“Gays love a recession!” said Robert Cogan, a 27-year-old patron of the brand-new East Village gay bar the Hose on the night of Feb. 7.
It was a Saturday night, and he was checking out the scene in the bar’s “back room,” which was, well, a room in the back. More later.
At a little after 2 a.m., the little room was packed. So was the bar. So was the dance floor.
Before Sept. 15, the day the economy was sort of officially declared dunzo, the bar’s location on Avenue B might have recommended itself to a trendy, starkly furnished Asian-fusion bar-resto for investment bankers with a little imagination or Queer Eye on permanent TiVo.
But walking in to the Hose was like walking into a time warp: an East Village gay bar from the last recession. Drinks were sloshing across the bar at breakneck speed; and there was nudity! And scattered smoking! (Though on one recent visit, a patron lighting a cigarette in the back room was told to put it out. “That’s so not sexy,” the bartender scolded.)

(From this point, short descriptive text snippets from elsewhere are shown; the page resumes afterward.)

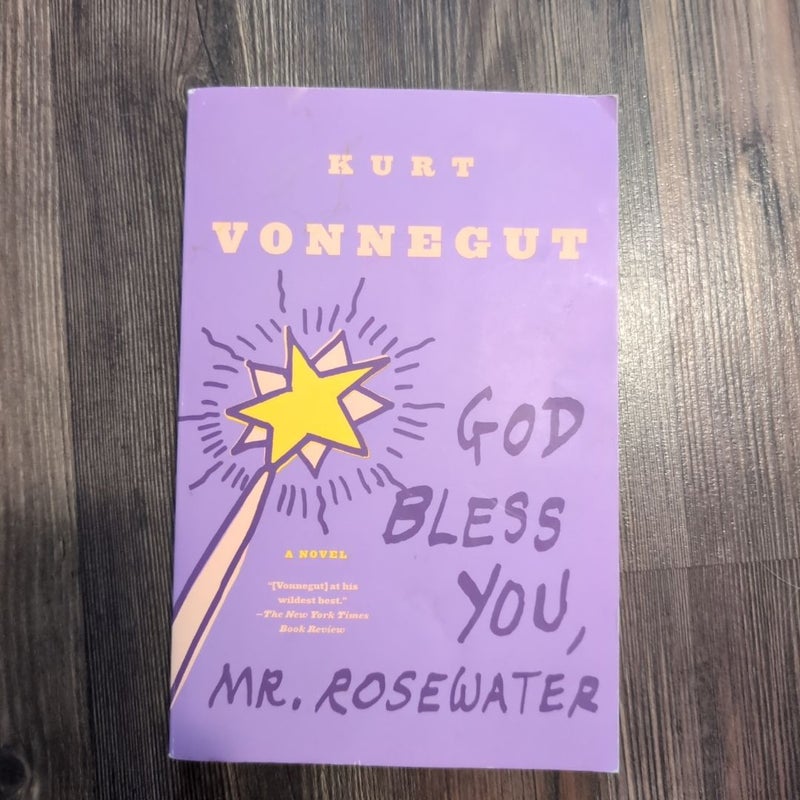God Bless You, Mr. Rosewater
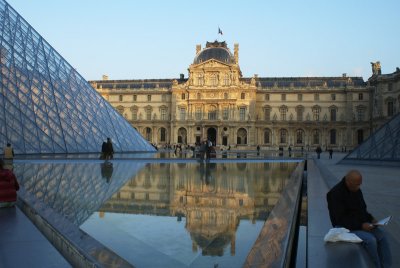 Le Louvre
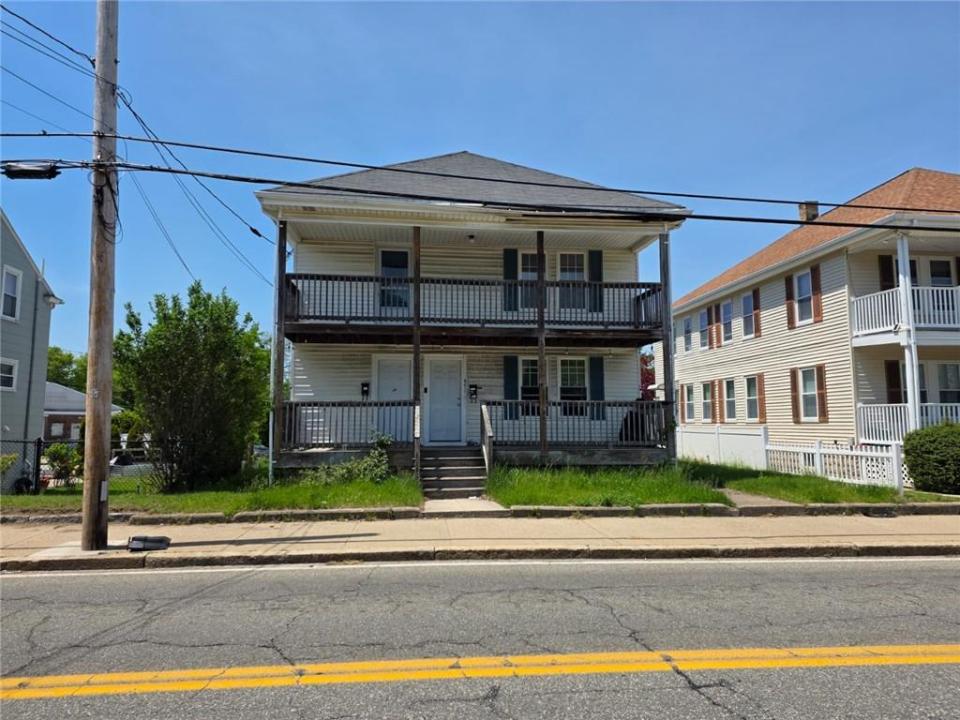 471 Providence Street, Woonsocket, Rhode Island 02895, Estados Unidos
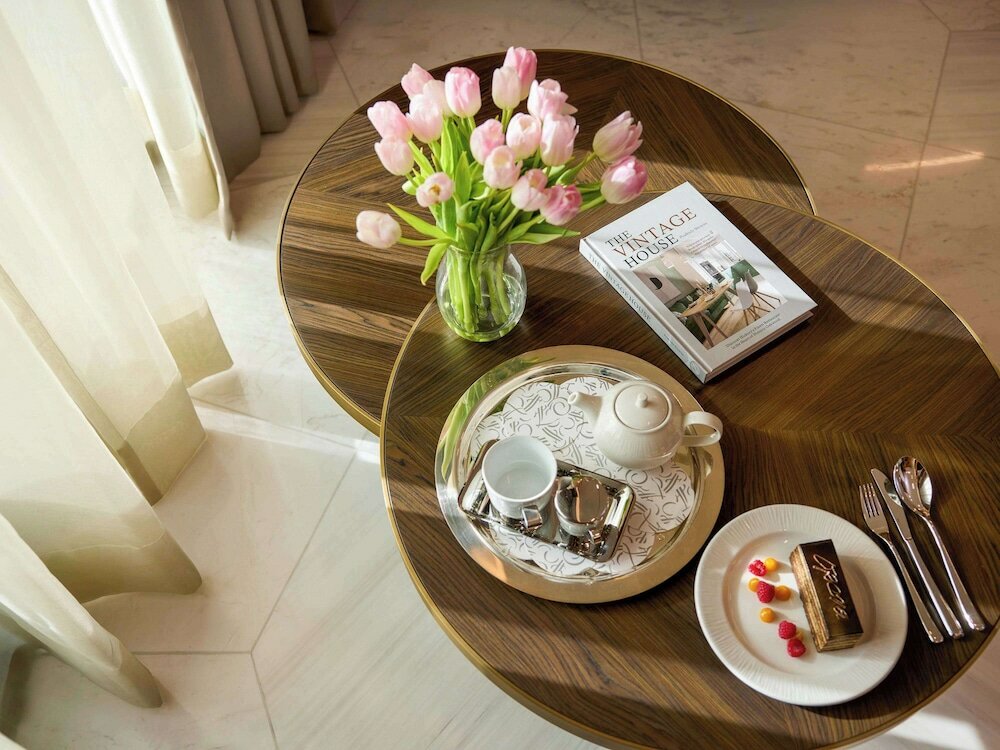 Фото Fairmont Ramla Serviced Residences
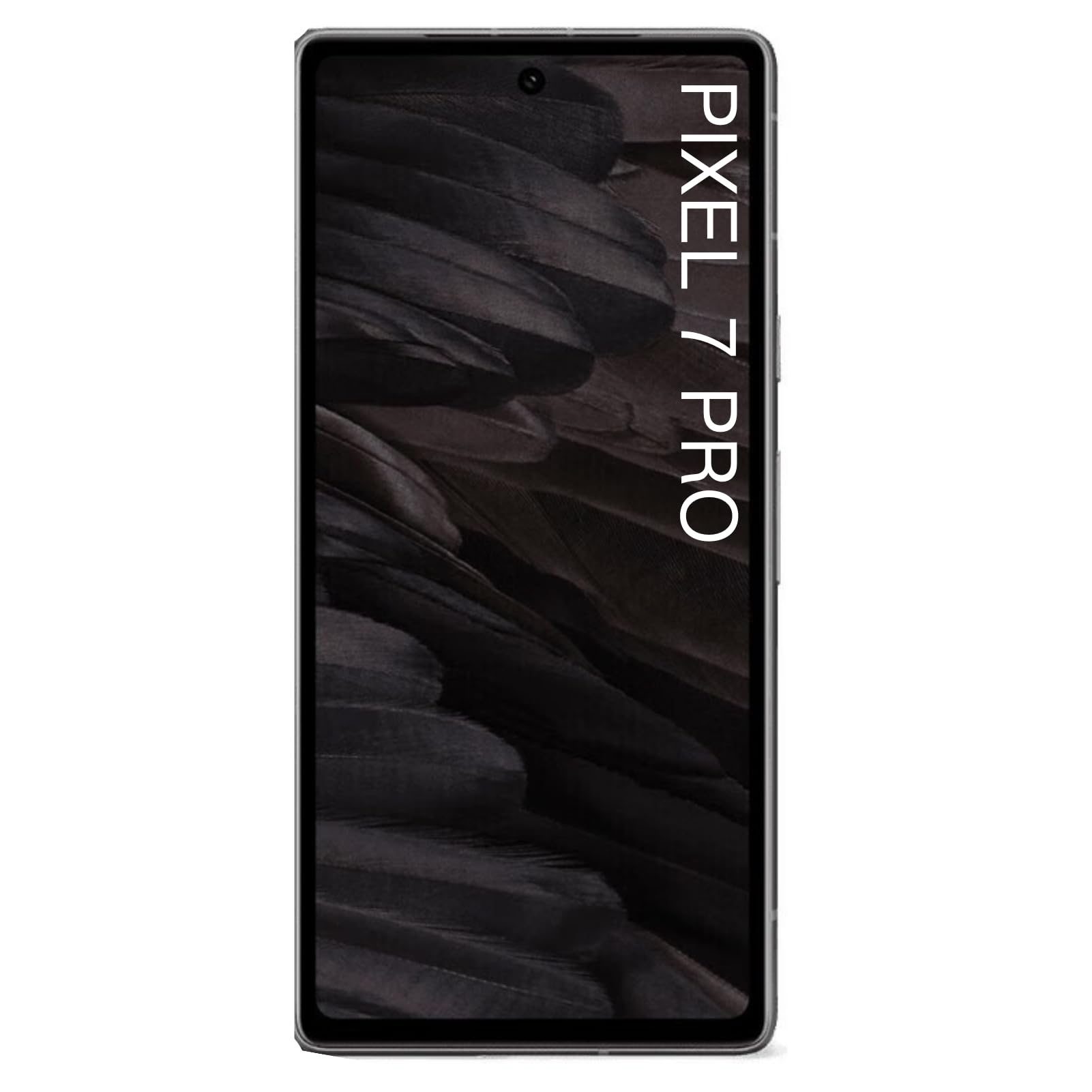 Dpofirs Organic Screen Replacement For Pixel 7 Pro, Pixel 7 Pro Frame, Digitizer Assembly with Frame Repair Tools For Pixel 7 Pro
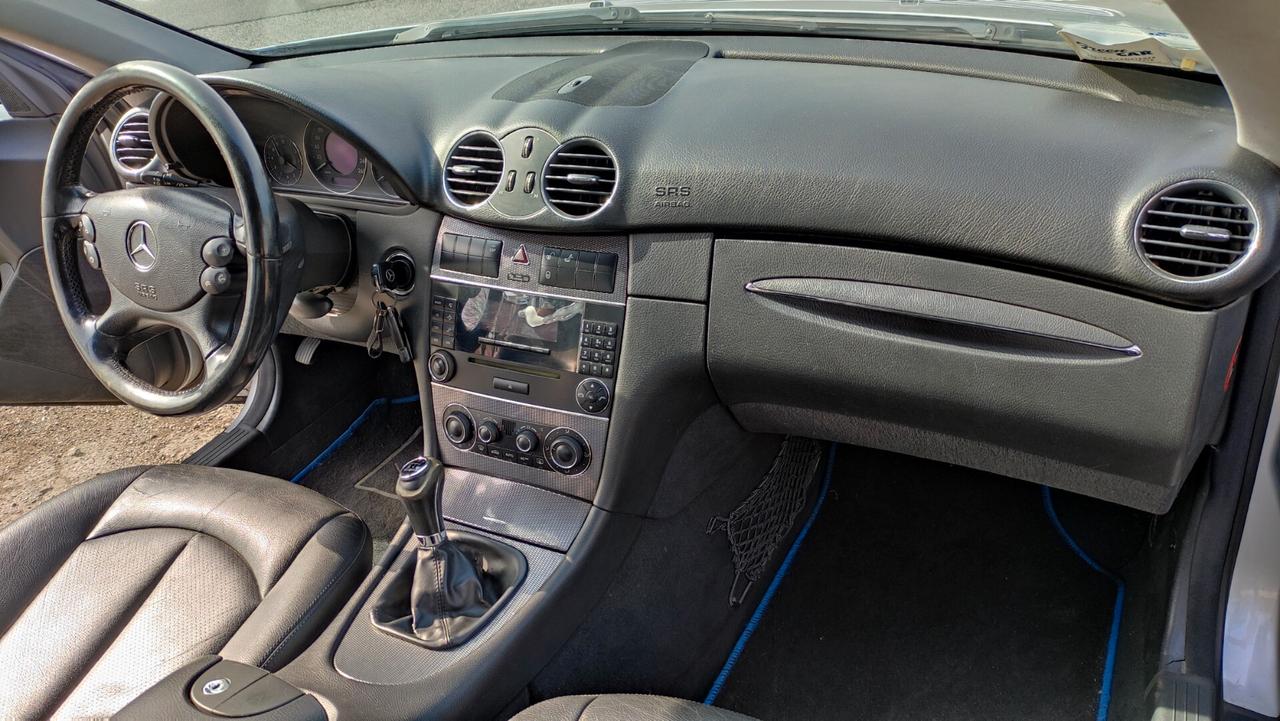 Mercedes-benz CLK 270 CDI AMG Edition Avantgarde - 2006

“A bunch of us noticed the same thing when we got together on Monday,” said Brian Moylan, the editor of Next Magazine, a gay nightlife guide in New York. “We came in, and we’re like, ‘I went to blah-blah-blah and everything was packed! And my colleague is like, ‘Oh my God! I went to so-and-so and it was packed! And we put it together. Everyone is fucking going out. It’s January—or February now! And the weather is cold. It’s not a time when clubs are full. And people are standing in lines in the cold! That’ll kill your party quicker than anything.”

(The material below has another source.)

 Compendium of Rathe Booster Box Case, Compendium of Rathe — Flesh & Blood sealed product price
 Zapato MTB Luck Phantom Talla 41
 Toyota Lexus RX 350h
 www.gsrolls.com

“There’s something definitely happening out there,” he continued.
Meanwhile Mr. Cogan was continuing his proclamation.
“I’ll give up nothing!” he said. “You know what’s going to cure the world? It’s people going about their daily business!”
“It’s crazy here!” said Sean Bumgarner, a 34-year-old magazine art director, who is one of the creative talents behind Spank, a xeroxed gay art ’zine (remember those?) that was playing host to the night’s revelry. “We’re definitely in a downturn, and everyone is out.”

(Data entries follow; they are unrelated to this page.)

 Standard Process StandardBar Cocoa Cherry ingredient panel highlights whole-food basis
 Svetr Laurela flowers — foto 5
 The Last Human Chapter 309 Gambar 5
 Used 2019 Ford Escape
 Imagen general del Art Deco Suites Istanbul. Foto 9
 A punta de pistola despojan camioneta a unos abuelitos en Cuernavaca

Outside these walls, all you hear about is the sagging economy and stimulus packages. Inside, things were … stimulated!
“Wait, is that guy naked?” asked Mark Damien, a 44-year-old writer, whose jaw dropped to the floor when he confirmed his first impression. “Uh, I guess things have loosened up a bit.”
The naked man was named Tony. When asked for two names, he offered, “Naked Tony.”
So, Tony, is the gay scene getting its edge back?
“There are pockets of it,” the 36-year-old murmured.
Over the past few months, while the straight party scene has been left for dead, gay nights and venues look like they are surviving, with new ones sprouting up everywhere. And, in some cases, like this night at the Hose, they really are Events (not vodka promotions!) with Themes! There is buzz! Costumes! Sleaze! There is planning, for a whole week before, aimed at getting into the right place at the perfect time of the night.
“Given the news about the economy that came out of the late summer and fall, when we were in November, I was saying that all of us have to hope for a mild winter,” said Bob Pontarelli, the longtime co-owner of Chelsea gay bar Barracuda and of the very gay-friendly Elmo restaurant on Seventh Avenue. “I was anticipating a perfect storm of cold weather and the economy. And then we had a worse winter than we’ve had in five years. So it’s been very, very, very cold and add to that the recession. But you know what? We haven’t been affected by a percentage point. In some places, we’re doing better. What I was worried about actually hasn’t happened, and it hasn’t affected us.”
According to some of his patrons, the downturn has, if anything, redirected their budgets to Going Out.
“I mean, we’ll skip going out to dinner and go out for drinks instead now,” said Christian, a 27-year-old in fashion PR, to his 27-year-old friend Jon at Barracuda on Friday night.
They both agreed, emphatically, that giving up on their night on the Crawl, whether it be on Eighth Avenue or Avenue A, was not an option.
Michael Formika Jones has been promoting gay-themed parties and nightclub evenings for 18 years in New York, but has found himself without much to do over the last three years.
“Oh I’m loving the recession!” he said. “I’m jumping on this recession bandwagon. I haven’t done a big party. Period. In three years.”
But in the next eight weeks, he’s booked three big events. One of them is at 55 Gansevoort, a two-floor restaurant and a loft apartment above it, as well as a basement bar. It’s always been one of those straight, bottle-service type clubs on weekends before.
“Buh-bye to that!” Mr. Jones chirped. “No more $15 drinks!”
He’ll be opening it up for a Saturday party.
“My take on all of this is after the crackdown with the Giuliani era, it affected the way nightlife was run. A lot of venues had to take the bridge-and-tunnel tourist dollar on Saturday night,” he said. “Now in recession big venues are losing weekend business, so they’re opening up their weekend business to promoters for stuff that wasn’t open to the gays before.”